More Brahms, less 'Brahmsian'

February 17, 2013

If San Antonio Symphony music director Sebastian Lang-Lessing conducts nothing more this season, he’s earned his salary and his laurels with luminous, acutely observed accounts of Johannes Brahms’s Third and Fourth symphonies, Feb. 15 and 16, respectively, in the Majestic Theatre.

The two symphonies were hardly the only distinguished performances in this extended weekend of Brahms Festival concerts. The Feb. 15 program opened with the Violin Concerto in a performance of unsurpassed integrity by the Ukrainian-born Israeli violinist Vadim Gluzman. The next evening, Mr. Gluzman and the charismatic Chinese-born cellist Jian Wang fronted the orchestra in the Double Concerto. 

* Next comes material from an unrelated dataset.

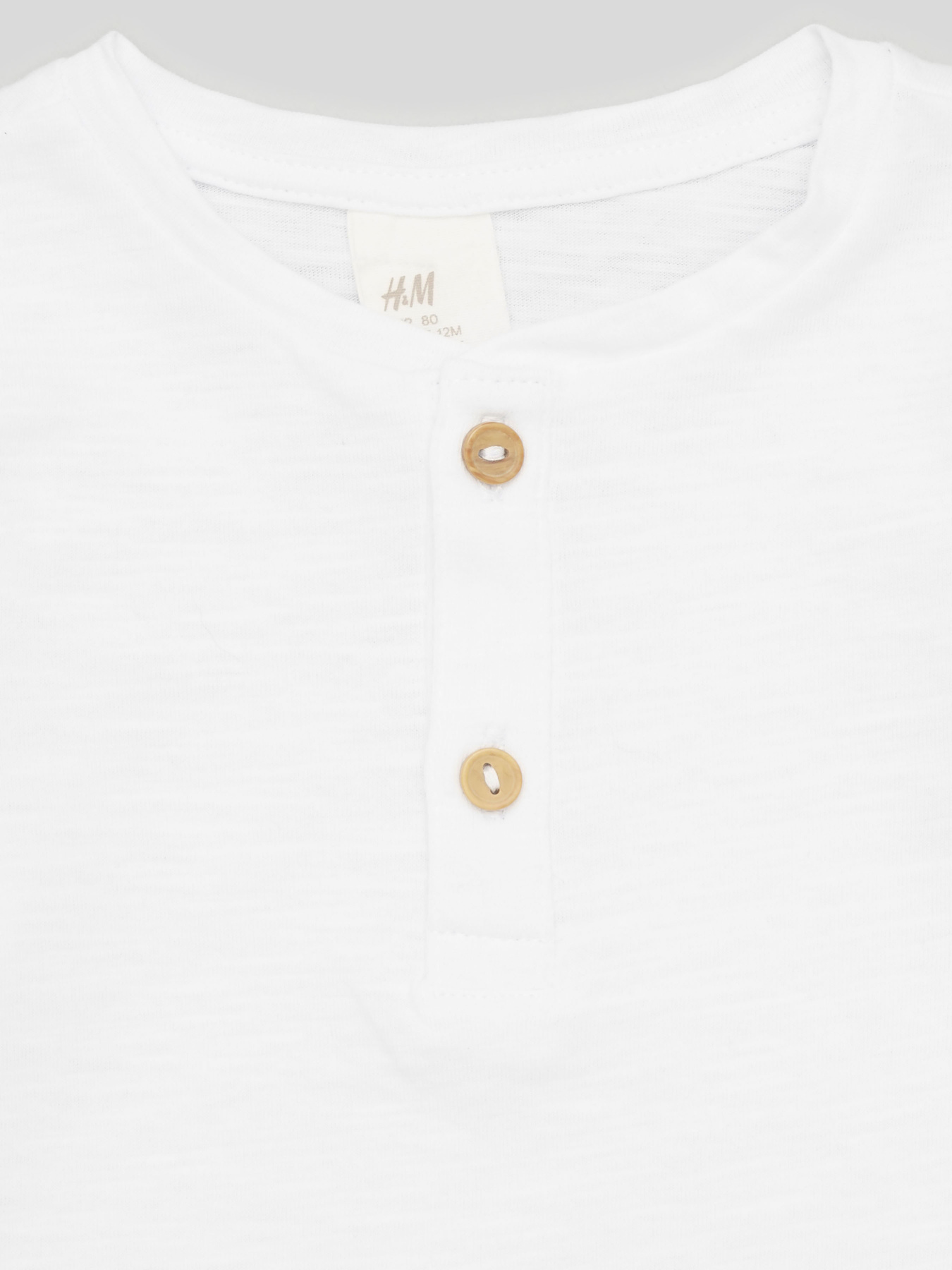 Футболка H&M модель 67981 Футболка H&M модель 67981 Фото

On Feb. 14, Mr. Gluzman and his wife, the pianist Angela Yoffe, joined Camerata San Antonio in an extraordinary evening of Brahms’s late chamber music. The Violin Sonata in D Minor was flanked by the Clarinet Sonata and the great Clarinet Quintet, featuring the symphony’s top-notch principal clarinet, Ilya Shterenberg -- another Ukrainian expatriate.

Evidence of Mr. Lang-Lessing’s deeply inquisitive study of the scores pervaded the performances of the two symphonies. Dynamics, tempi, articulation and expression marks were rendered in unusually high relief -- not just dutifully, but to clear musical and dramatic purpose. Some passages verged on the shocking, as in the conductor’s pedal-to-the-metal accelerando in the few measures leading into the development section of the Third Symphony’s opening movement. In the Fourth Symphony the splendid horns and trombones, rather than fitting politely into a “Brahmsian” texture, often took on a more aggressive, martial quality than is customary.

Indeed, on the whole these were the least “Brahmsian” performances of Brahms symphonies I can recall -- that is, the least reflexively tethered to a style, and the most attentive to the implications of the score itself. One doesn’t expect Brahms symphonies to sound so exciting, so fresh, so modern -- or, in the apocalyptic finale of the Fourth, so devastating. One doesn’t expect Brahms to sound that way. But one should.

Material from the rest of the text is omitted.